Work item: Everything in the records below from the line containing "Polyclonal Rabbit anti-Human" through the line containing "Tummy Tuck Before & After Patient #10903" is to be reproduced exactly, those two lines included; no picture is to be copied.

Information:
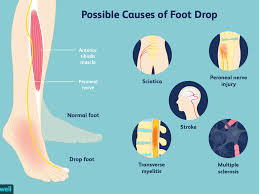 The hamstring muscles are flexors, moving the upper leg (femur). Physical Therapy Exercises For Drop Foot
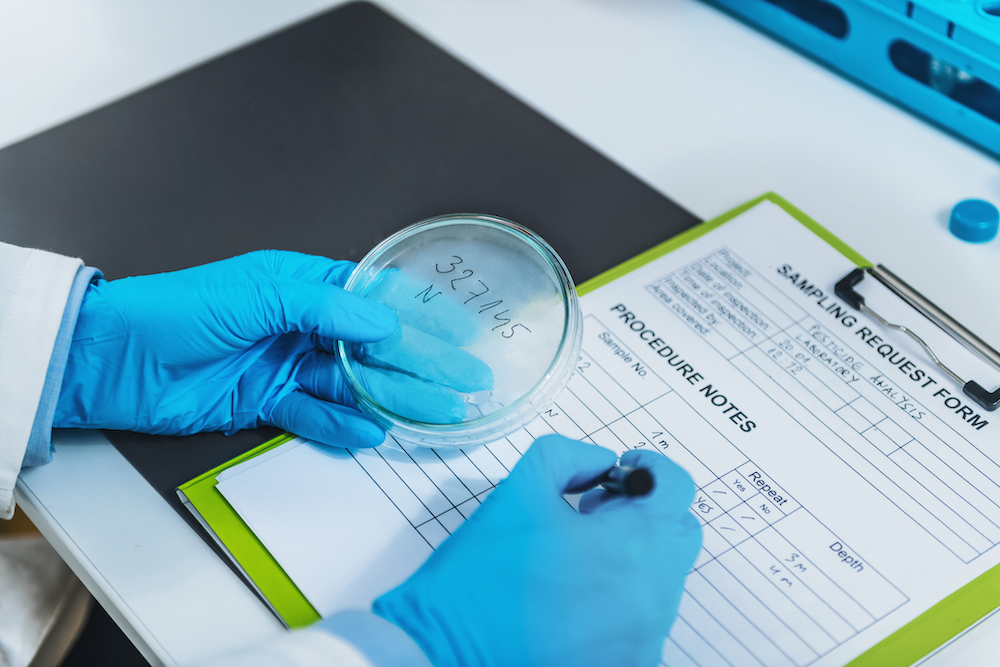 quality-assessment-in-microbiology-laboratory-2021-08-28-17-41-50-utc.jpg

==

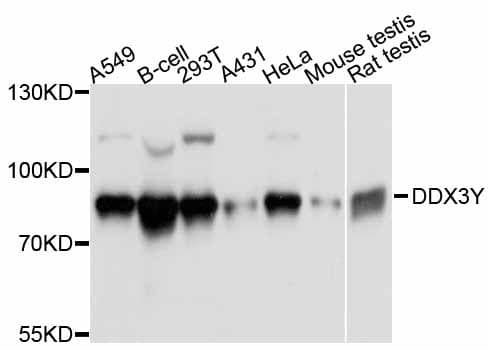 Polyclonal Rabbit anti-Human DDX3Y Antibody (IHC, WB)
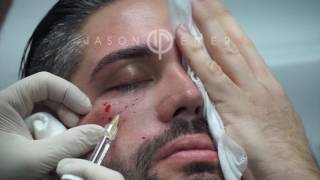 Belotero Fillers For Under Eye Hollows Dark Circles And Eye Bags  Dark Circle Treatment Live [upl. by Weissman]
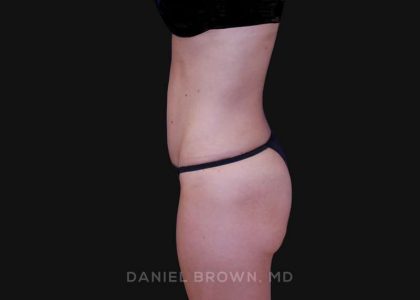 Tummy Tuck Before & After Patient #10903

--

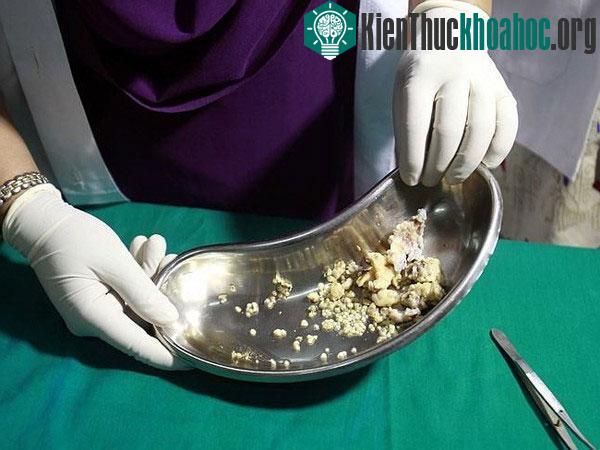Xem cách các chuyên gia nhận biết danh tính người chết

The answer:
 Polyclonal Rabbit anti-Human DDX3Y Antibody (IHC, WB)
 Belotero Fillers For Under Eye Hollows Dark Circles And Eye Bags  Dark Circle Treatment Live [upl. by Weissman]
 Tummy Tuck Before & After Patient #10903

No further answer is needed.